Prospects for Policy
But Mr. Kline thinks Washington should try to protect special education funding. Under the Individuals with Disabilities Education Act, the federal government has aspired to pick up 40 percent of the tab for the excess costs of serving students in special education, but has never come close to that.
"My preference is always to give the priority to special education funding and then work from there," Mr. Kline said.
And Rep. Kline hasn't changed his stance on funding for President Obama's high-profile competitive-grant programs: Race to the Top, i3, and the School Improvement Grant program, which offers states aid to turn around their lowest-performing schools.
House Republicans have tried to zero out funding for those programs, but the Democratic-controlled Senate and the administration have always restored that money. That trend could continue, as Democrats were able to bolster their majority in the Senate in last week's elections, gaining two seats in the chamber, which now has 45 Republicans, 53 Democrats, and two Independents, both of whom are expected to caucus with the Democrats.

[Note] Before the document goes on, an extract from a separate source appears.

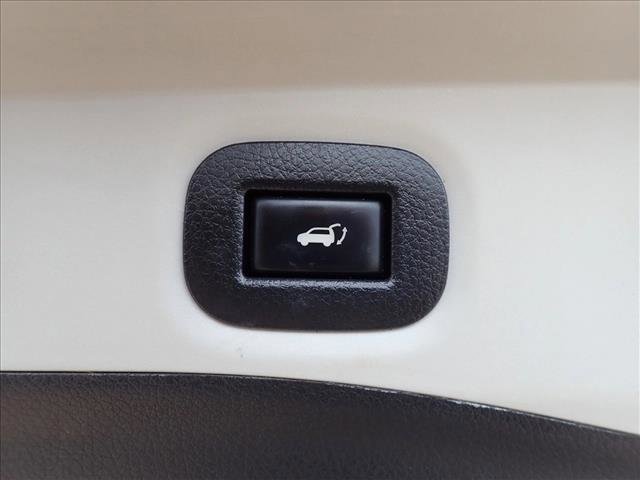 Used 2019 Nissan Rogue SV image 9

Both Sen. Tom Harkin, D-Iowa, the chairman of the Senate Health, Education, Labor, and Pensions Committee, and Rep. Kline say that renewing the ESEA will be a priority next year. Mr. Kline, for one, is not a fan of the administration's waiver plan, which he says is no substitute for a full-fledged reauthorization of the law.
"The urgency in my mind is still there. We need to get legislation that will move us away from the unilateral actions of the administration," Rep. Kline said. "States who have requested and even been granted these waivers are not happy with them," in part because they are temporary.
Sen. Harkin worked with Sen. Michael B. Enzi, the top gop member on the Senate education panel, on a bill last year that got support from a small cluster of Republicans on the committee. The Kline and Harkin bills take vastly different approaches when it comes to school improvement, teacher evaluation, and competitive grants.
But, like the NCLB waivers, both bills would get rid of adequate yearly progress, or AYP—the accountability yardstick at the heart of the current law—and give states much more leeway to intervene in most underperforming schools.
While that might seem like enough common ground to start from in building a bipartisan reauthorization, longtime Washington observers are skeptical.
"I just don't see where the pressure is coming from," said Cynthia Brown, the vice president for education policy at the Center for American Progress Action Fund, an education group in Washington.
The administration, she said, has already helped give states some flexibility by granting the waivers. And she ticked off a long list of other issues that may jump in line ahead of K-12 education, including the economy, health care, and environmental policy.
"I think there will be noise, there may be hearings, but I don't see it happening," she said of ESEA renewal.
The course for the waivers has already been bumpy. Virginia had to redo its school performance targets—after the federal government had already approved the methodology behind the numbers—thanks to a firestorm from civil rights groups.
In Washington, Rep. George Miller of California, the top Democrat on the House education committee, and a number of education advocates are increasingly alarmed by the small role graduation rates are playing in waivers' accountability systems. And a handful of states have steered clear of the waivers altogether.
Lawmakers themselves seemed uncertain whether there could be a new era of bipartisanship.
"I think both sides will probably still stick to principles. I certainly expect that to be the case on our side of the aisle," Mr. Kline said.
But he added: "There is pressure to get stuff done, and maybe that pressure will help us come together."